--- Exercise objective ---
The listing below begins with the first line you should copy; stop after the line containing "So again if", and drop every picture.

--- Available data ---
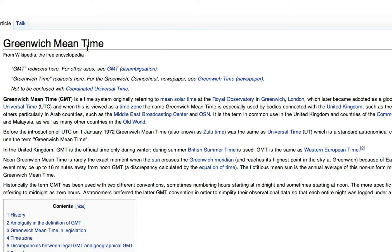GMT is the Greenwich Mean Time — the time that traders and platforms all over the world use in order to trade. So people from Australia and the United States, for example, which are far from one another, can actually execute and trade at the same time.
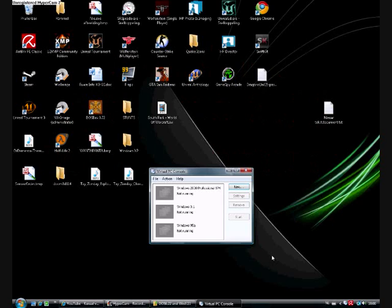Hello viewers, welcome to another Natives Master video. This time I'm showing you how to install Windows 3.11 for Workgroups in Microsoft Virtual PC 2007.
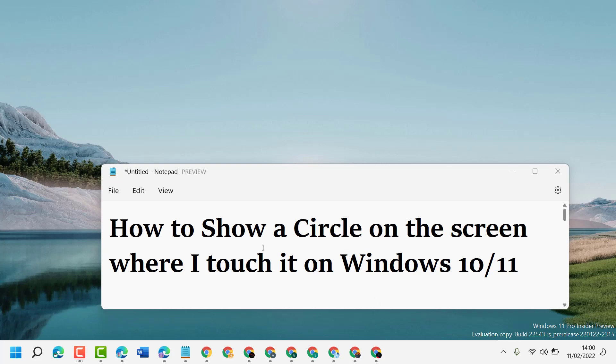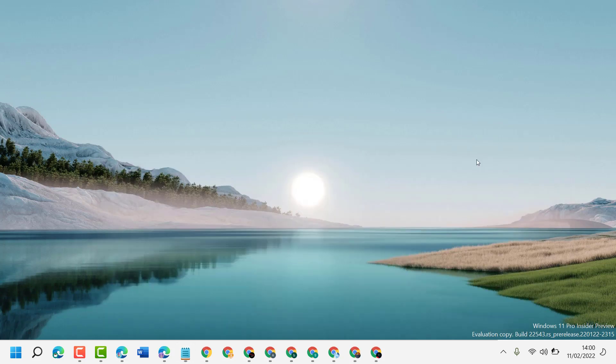In this video I will show you how to show a circle on the screen where I touch it on Windows 10 or 11.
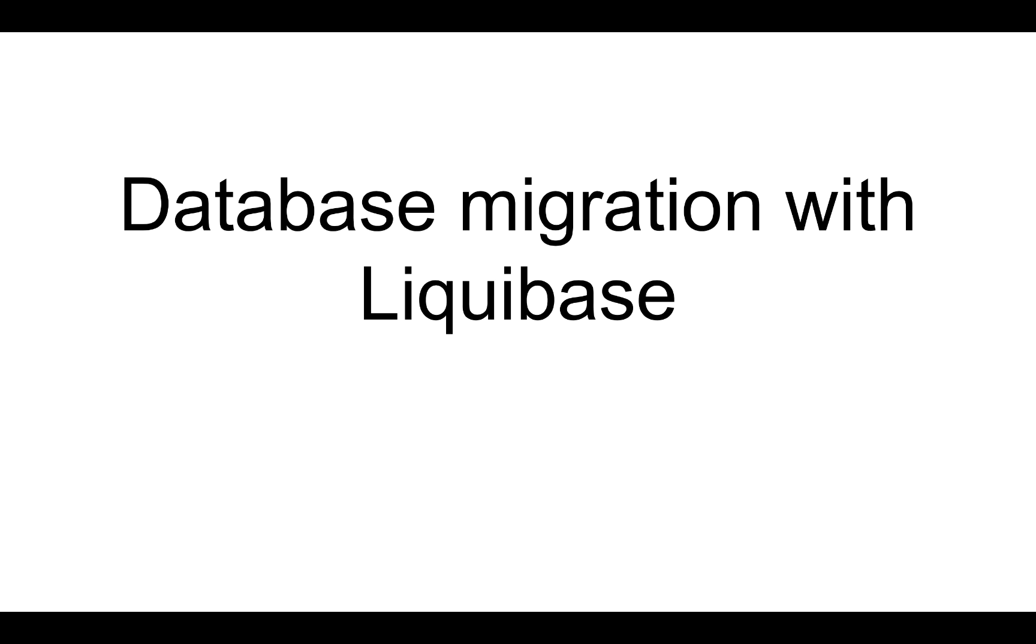Hello guys and welcome back. Today we are going to talk about version-based database migration with Liquibase.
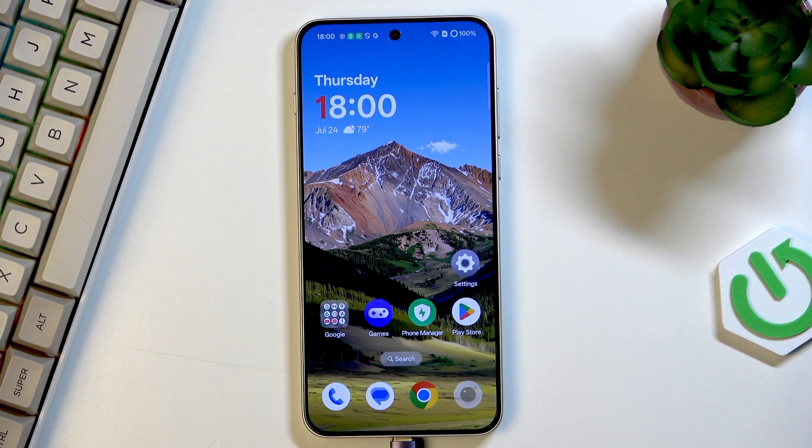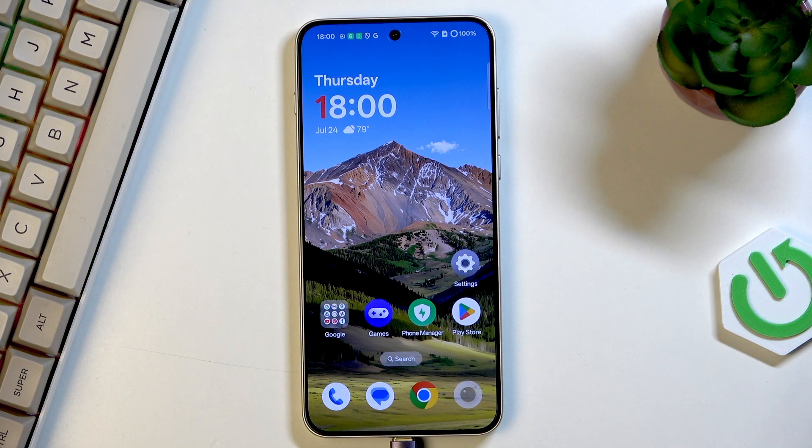Hi everyone. In front of me I've got a OnePlus Nord 5, and let me share with you how to turn off running apps on this device.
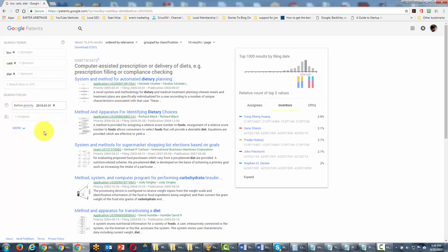So again if you want to look at some pre-commercial activity on your keyword, you can actually do it through the patent search at patents.google.com.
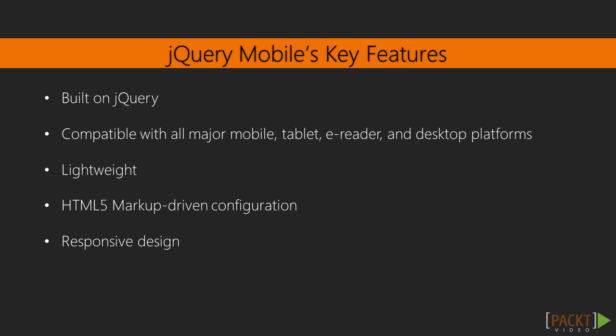The next feature is what all developers love. It's compatible with all major mobile, tablet, e-reader and desktop platforms. Its feature is that it's lightweight and fast.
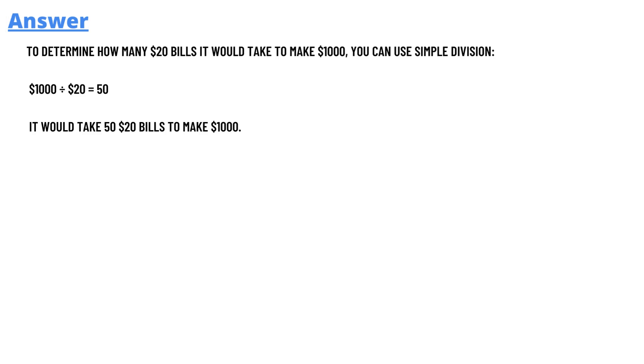The answer to the question is, to determine how many twenty dollar bills it takes to make one thousand dollars, you simply need to divide one thousand dollars by twenty, and you'll get fifty. So we need fifty bills of twenty dollars to make one thousand dollars. That's the answer.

--- Answer section ---
GMT is the Greenwich Mean Time — the time that traders and platforms all over the world use in order to trade. So people from Australia and the United States, for example, which are far from one another, can actually execute and trade at the same time.
Hello viewers, welcome to another Natives Master video. This time I'm showing you how to install Windows 3.11 for Workgroups in Microsoft Virtual PC 2007.
In this video I will show you how to show a circle on the screen where I touch it on Windows 10 or 11.
Hello guys and welcome back. Today we are going to talk about version-based database migration with Liquibase.
Hi everyone. In front of me I've got a OnePlus Nord 5, and let me share with you how to turn off running apps on this device.
So again if you want to look at some pre-commercial activity on your keyword, you can actually do it through the patent search at patents.google.com.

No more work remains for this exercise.